April 1992: A Recollection

A Short Story

By Daniel Noh

From up on the roof of First Discount Swap-Meet, Moses could see Los Angeles sprawling out before him, rows of tenement homes and strip malls sitting on sidewalks punctuated by Ficus trees that tear up concrete and asphalt with their enormous roots. In the distance the small cluster of skyscrapers that Los Angeles calls its Downtown.

Today the streets were empty and the sky filled not with the gray-brown haze of traffic but with the black of fires. Thick pillars of smoke and flames that to Moses seemed to be falling down upon the city. 

The city of angels had set itself ablaze. 

It was his turn to stand watch over the swap meet. Moses made his living here, as journeyman goldsmith at Park’s Gold, a small jewelry store located in the heart of a massive maze of Korean vendors loudly swearing and selling things in a broken English to residents of the neighborhood who swore back at them in unbroken English.

When the looting and rioting began, they decided that they would take the protection of the place into their own hands. Together, twenty in all, drove together from their apartments in Koreatown and their homes in the San Gabriel Valley in the early hours of the morning to this small warehouse-turned-market in the heart of Compton for the sake of their American dreams. They left their cars in front of the entrances, locked the doors behind them, and barricaded themselves up on the roof. 

Today was day three of the riots. 


All throughout his watch, Moses played back the morning he left home. 4AM. Him, standing at the door with a gun, in front of his wife, who held their son in her arms. She, blocking the door, the keys to his car in her bathrobe pockets, stolen from the shoe cabinet while he’d been distracted getting the gun.

“What’s so important about a building?” Youngmi had said, eyes defiant. 

“It’s how we live and eat.”

“There are other ways of surviving.”

“Not for the others. They have families too.” 

“No. We have all the time in the world. Look at me, look at Joshua. You promised me, no more running, no more violence, no more guns. Don’t go. Please. Honey. Yeobeo. Just stay here with me.”

And then him kissing his son goodbye. Making a promise to come back. Then stealing the keys from her and walking out the front door. 


Lim Hodong—from the shoe store—joined him on the roof. He was the same age as Moses, but unlike Moses he had immigrated to America only a few years ago. He somehow looked older, more chiseled. Maybe, Moses thought, it was because he had completed his military service, something Moses never did because his father had uprooted them from Korea when Moses was still a small boy. 

“I brought ramen. Everyone else is awake now. They will be up here soon.” 

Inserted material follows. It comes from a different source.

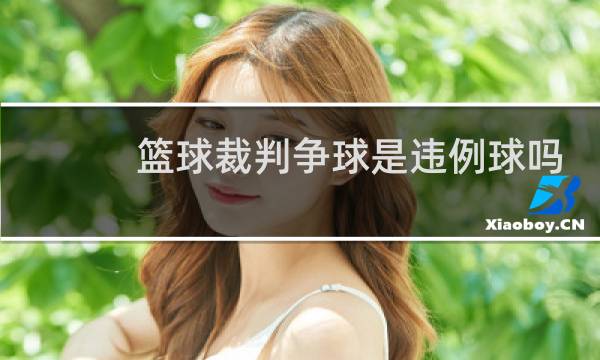 篮球裁判争球是违例球吗图片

Moses pulled up one of the folding chairs and they sat together, eating ramen as they kept an eye out over the street. 

“Do you think they will finally try today?” Hodong asked.

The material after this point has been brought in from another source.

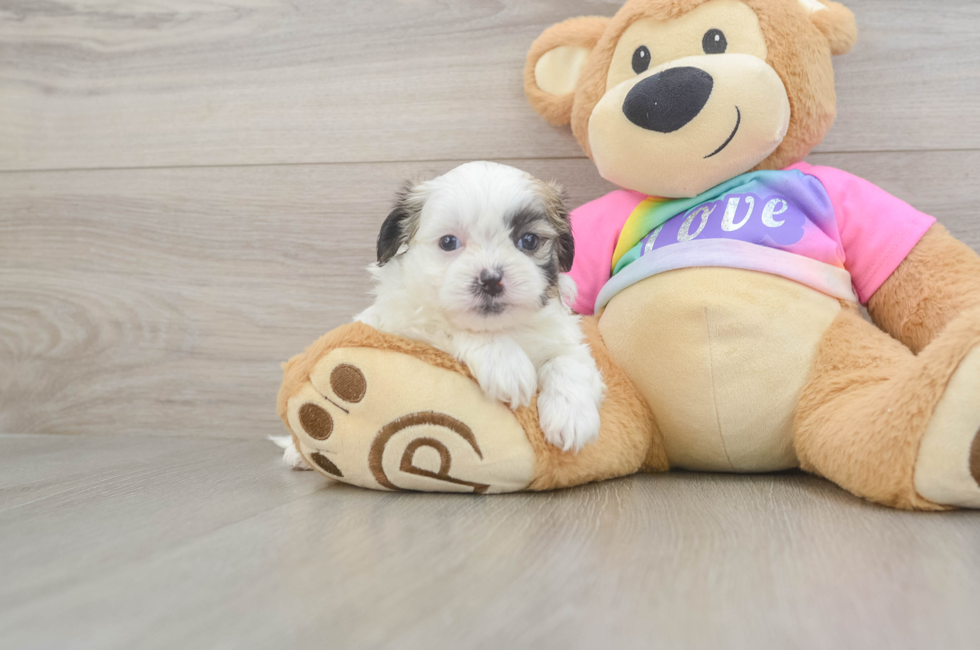 5 week old Teddy Bear Puppy For Sale - Premier Pups
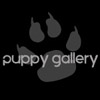 Puppy Gallery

“No,” Moses said. “They like us in this neighborhood. And they know Marcus.” 

“They like us enough to call us the n-word instead of chink or gook,” Hodong said through a mouthful of noodles. “You grew up here, you would know.”

Moses shrugged. He didn’t like to play up his American-ness in front of the others.
Kim Sangmin appeared next to them, two hunting rifles in hand. “Is today the day they start shooting?”

Hodong took the rifle. “Good morning sunbaenim. Maybe. I’m starting to get bored.”

“Maybe we’ll end up on the news like the crazy fuckers who started shooting at random people in Koreatown,” Kim Sangmin said. He and Hodong laughed. 

“My wife would kill me if she saw that,” Moses muttered. 

“Stop worrying so much Moses. It’s unbecoming of you. What will your son say when he learns of this later. Fathers need to do right by their children,” Kim Sangmin said. 

“By shooting black people?” 

“By providing for him, and protecting how you do that.”

Moses gulped down the last of the ramen soup and chucked the cup over the side of the building. “Well let’s make sure I get to go home to him when this all ends.”


All the men had been joking about which side of the building to pee over when a bullet cracked over their heads. They had been watching a crowd below them looting a strip mall across the street when it happened. Quickly, with trained efficiency, they lifted their rifles down towards the crowd. 

“Hey! Go away!” someone shouted. 

Moses peeked over the edge, hands griped tight around the shotgun. The shells inside the magazine rattled from the shaking of his hands. A small crowd, probably a few dozen. Mostly unarmed. A few with baseball bats. But some of them had guns and now they were trading shots. The crowd scattered.

Gunfire popped all around him. Moses ducked back down. He propped himself up against the rampart, grinding his teeth as more concrete showered down on him. He hugged the shotgun tight. He closed his eyes. He wanted to see his son, his wife.

“Hey, Moses, get your shit together!” Hodong yelled as he shot his hunting rifle into the crowd below. Moses looked up at him. Blood ran down Hodong’s cheeks where the concrete shrapnel had grazed him. 

Somehow, Moses found himself looking down over the crowd below again.

A young boy, no older than eighteen, looked up from the streets, a pistol in his hand. 

Moses closed his eyes, and squeezed the trigger.